NHK大河ドラマ「いだてん~東京オリムピック噺(ばなし)~」の放送が終わり、脚本を担当した宮藤 官九郎※さんが執筆にあたっての思いを語っています。
「いだてん」の重要ポイント
宮藤官九郎さんはNHKのインタビューに答えて、「幻のオリンピック」と呼ばれている1940年の五輪大会開催の計画にまつわる史実を知り、この経緯を大きく脚本に取り上げたと話しています。
この方針について、宮藤さんはこのように説明しています。
「『いだてん』は明治から始まり、大正、昭和を描くドラマでしたが、なかでも“幻のオリンピック”はすごく時間をかけて描きたい重要なポイントでした。

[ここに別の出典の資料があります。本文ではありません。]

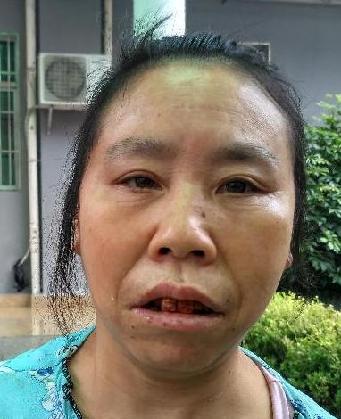 走失者照片 全国救助站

1940年に東京オリンピックが開かれるはずだったというのは、僕自身、知らなかったことですし、世間的にもほとんど知られていないでしょう。
これは日本人として知っておくべき歴史だと思ったので、そこに時間を割いたんです。
その思いは果たせましたが、おかげで満州のエピソードがすごく駆け足になってしまい、40回以降は、どのエピソードを切り落とすかとの戦いでした。
あと2話分あればアレもコレも拾えたかなぁ(笑)。」
「幻のオリンピック」とは
1940年に東京で開催予定だった五輪大会が「幻のオリンピック」となった理由には大きな世界の動きが関係します。
1936年(昭和11年)夏に開かれたIOCベルリン総会で、日本代表として嘉納治五郎が演説を行ない、見事1940年オリンピック開催地に[TOKYO]が選ばれました。
しかし、ベルリン総会では一旦開催地が東京に決定されたものの、その翌年の1937年(昭和12年)には泥沼の日中戦争が本格化し始めます。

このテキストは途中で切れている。